Fusion is the “in” thing in music these days. While I’ve never been big on following or caring about what’s in or out, I do like the fusion trend – the mix of different music genres to create something new. We Americans are an easily bored bunch, aren’t we? Status quo just can’t last long. And I can’t say anything about it, since I’m easily bored, as well. I’m actually a strange mix of “need things the same” and “way too easily bored.” Yes, I drive myself crazy at times. Feel sorry for those who have to deal with me regularly?
Anyway, I like the music mixes. I like that they’ve termed it fusion. Fusion is kind of a cool word itself, isn’t it? Music does tend to find the coolest ways to describe things.
Such as “indie music” which is sometimes termed as a genre instead of the original intent of musicians going independent and producing their own work (kind of the definition of independent, aka indie, is it not?) So, back when authors really started to jump in and publish themselves and everyone was bickering over what to call these renegades, I started calling myself an indie author just like the indie musicians.

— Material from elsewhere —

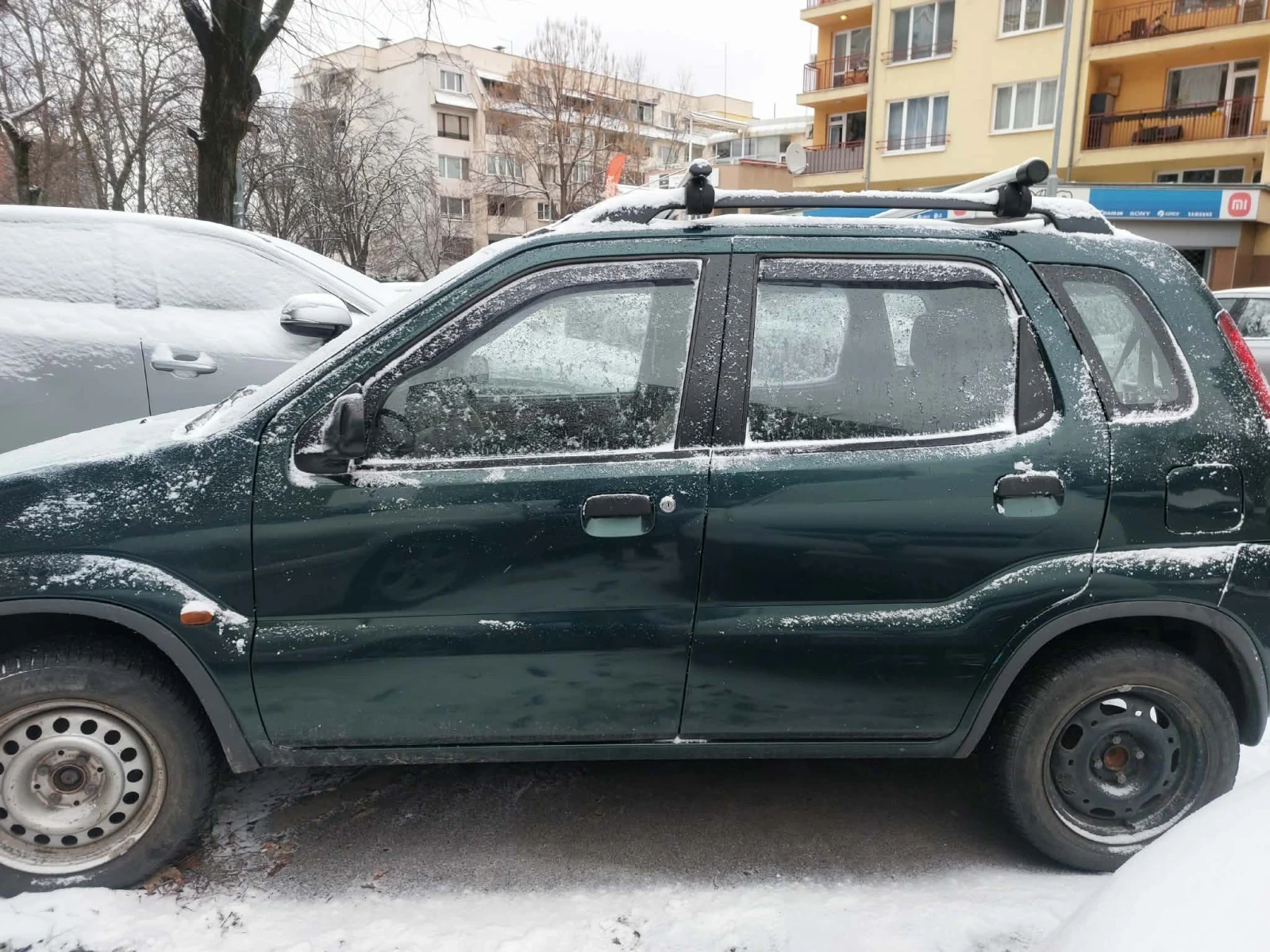 Suzuki Ignis 1.3, 4х4, бензин, снимка 2 - Автомобили и джипове - 56611282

Made sense to me. Guess it made sense to a lot of folks, since that’s the most accepted term these days for those of us going it on our own.
So now, authors are writing mixes of so many different genres they sometimes need six terms to describe one book [paranormal new adult romantic historical suspense]. Wow. Well, okay. And publishers are always coming up with new terms to describe what authors are writing. The newest I’ve found is upmarket, meaning genre fiction of some kind with a more literary feel, more complex plots, deeper characters. Basically what I’ve called literary romance for several years is now upmarket romance. Well, okay then. Maybe that will work better?
I call all of this genre mixing fiction fusion. Same concept as in music. And I like the concept in fiction as well as I like it in music. It keeps things fresh and interesting.
Although, in all honesty, I’ve been writing fusion … well, since I started writing seriously in 1996 (go ahead, date me by age). I was never sure what to call it. I’m still unsure what to call it. But just as I’m an indie author, I’m also a fusion author. I write what comes out.
Maybe instead of my long-term tag line that tends to raise eyebrows (or pushes them across to the other side of the street), Literary Romance with an Artsy Twist, I should use Indie Fusion with an Artsy Twist. What do you think? At least they might stop to ask what I mean.